- **Task instructions**
Your copy should contain exactly the lines from the start of the material through the line containing "So we have three", and no pictures.

- **Source data**
'''

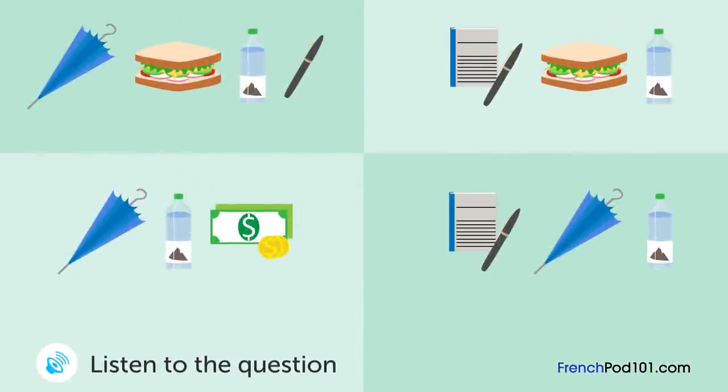Un professeur parle à ses étudiants. Qu'est-ce que les étudiants vont apporter? « Demain, nous irons au musée. Apportez un stylo, un cahier et quelque chose à boire. Nous déjeunerons au restaurant du musée. Donc, vous n'avez pas besoin d'emmener de sandwich. » « Et un parapluie? Il va peut-être pleuvoir. » « Apportez-en un, s'il vous plaît. » « Ok. »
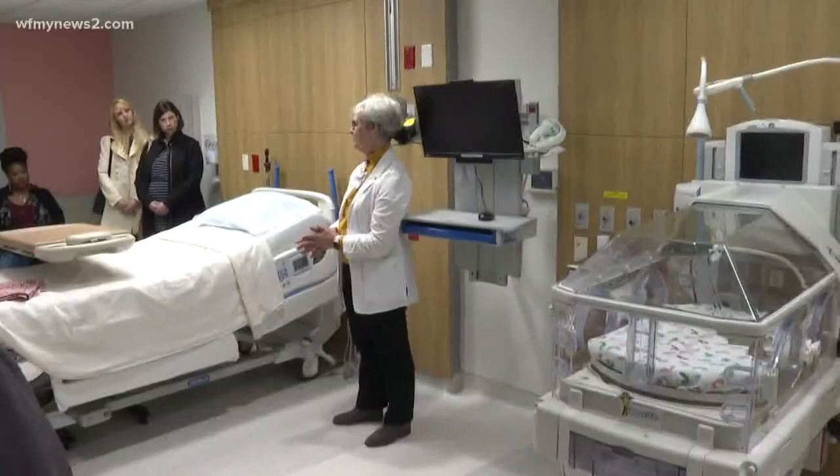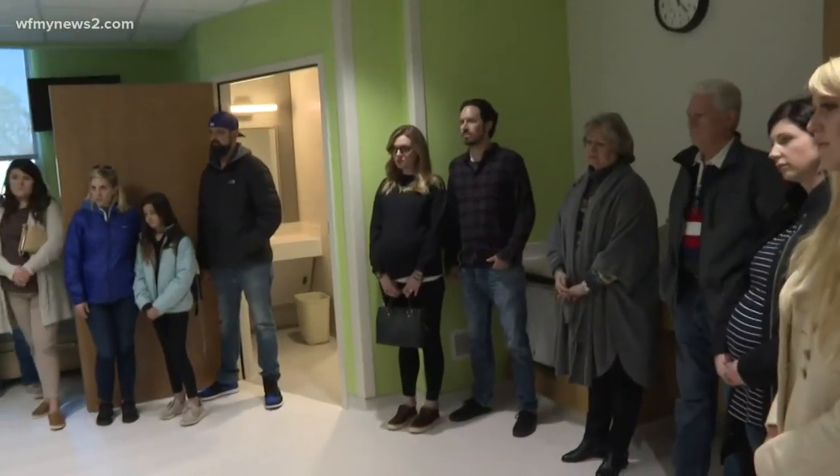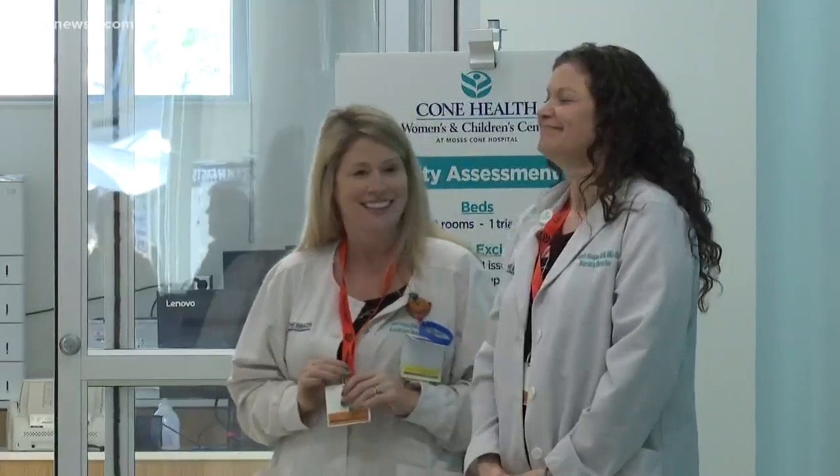The design going into the space for the moms and the babies is really awesome. Every floor, whether it be the NICU and the couplet care that they're going to provide, the private rooms — just giving that space for the mom, the baby, and their families. I think this is a really awesome hospital that anybody can deliver at.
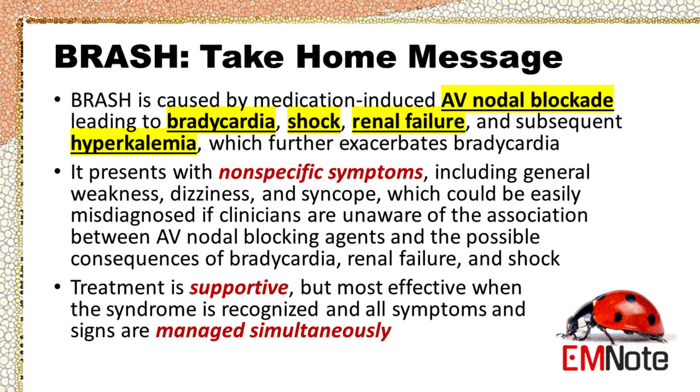In conclusion, BRASH syndrome is a relatively new clinical entity that includes bradycardia, renal failure, AV nodal blockade, shock, and hyperkalemia. It is caused by medication-induced AV nodal blockade leading to bradycardia, shock, renal failure, and subsequent hyperkalemia, which further exacerbates bradycardia. BRASH syndrome may present with heterogeneous, nonspecific symptoms including generalized weakness, dizziness, and syncope, which could be easily misdiagnosed if clinicians are unaware of the association between AV nodal blocking agents and the possible consequences of bradycardia, renal injury, and shock. Treatment is supportive but most effective when the syndrome is recognized and all symptoms and signs are managed simultaneously.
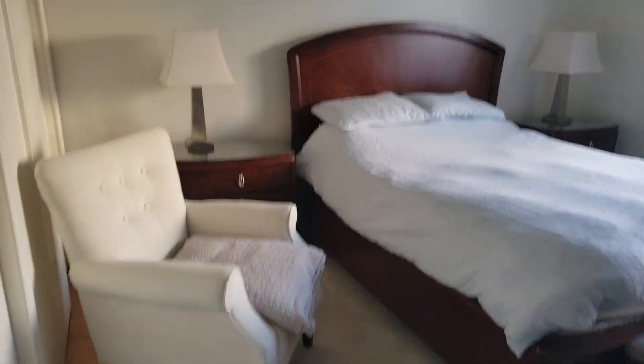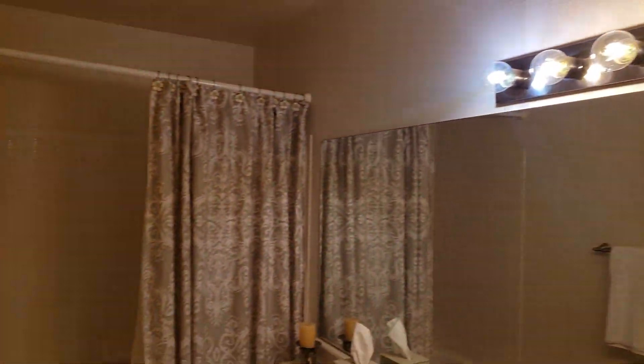So we have three bedrooms, standard closets. We got the master, and this is just a rug. Dual closets — I'm not going to open them up just because I don't think that'd be appropriate with the owners here.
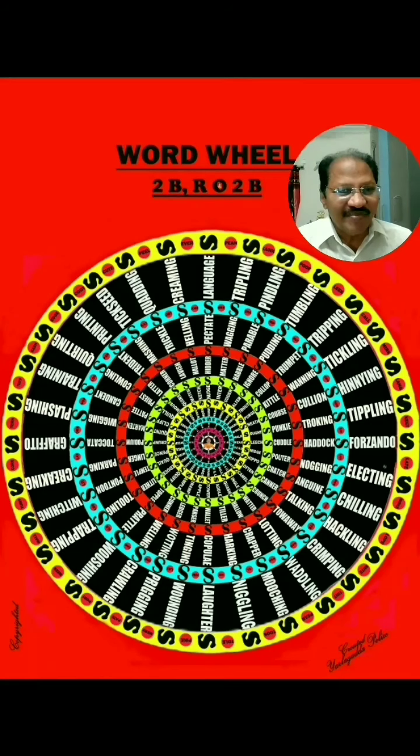It is the world's biggest word wheel ever made and it is the first of its kind in the world. It is embedded on a 9 x 8 feet flex banner. Directly and indirectly it contains 1120 words in singular and plural form. Here the letter S plays a key role in this diagram.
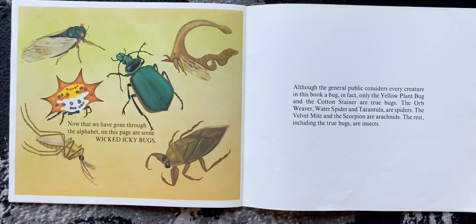Now that we have gone through the alphabet, here are some wicked, icky bugs. Although the general public considers every creature in this book a bug, in fact only the yellow plant bug and the cotton stainer are true bugs. The orb-weaver, water spider, and tarantula are spiders. The velvet mite and the scorpion are arachnids. The rest, including the true bugs, are insects.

'''

- **Response to the exercise**
Un professeur parle à ses étudiants. Qu'est-ce que les étudiants vont apporter? « Demain, nous irons au musée. Apportez un stylo, un cahier et quelque chose à boire. Nous déjeunerons au restaurant du musée. Donc, vous n'avez pas besoin d'emmener de sandwich. » « Et un parapluie? Il va peut-être pleuvoir. » « Apportez-en un, s'il vous plaît. » « Ok. »
The design going into the space for the moms and the babies is really awesome. Every floor, whether it be the NICU and the couplet care that they're going to provide, the private rooms — just giving that space for the mom, the baby, and their families. I think this is a really awesome hospital that anybody can deliver at.
In conclusion, BRASH syndrome is a relatively new clinical entity that includes bradycardia, renal failure, AV nodal blockade, shock, and hyperkalemia. It is caused by medication-induced AV nodal blockade leading to bradycardia, shock, renal failure, and subsequent hyperkalemia, which further exacerbates bradycardia. BRASH syndrome may present with heterogeneous, nonspecific symptoms including generalized weakness, dizziness, and syncope, which could be easily misdiagnosed if clinicians are unaware of the association between AV nodal blocking agents and the possible consequences of bradycardia, renal injury, and shock. Treatment is supportive but most effective when the syndrome is recognized and all symptoms and signs are managed simultaneously.
So we have three bedrooms, standard closets. We got the master, and this is just a rug. Dual closets — I'm not going to open them up just because I don't think that'd be appropriate with the owners here.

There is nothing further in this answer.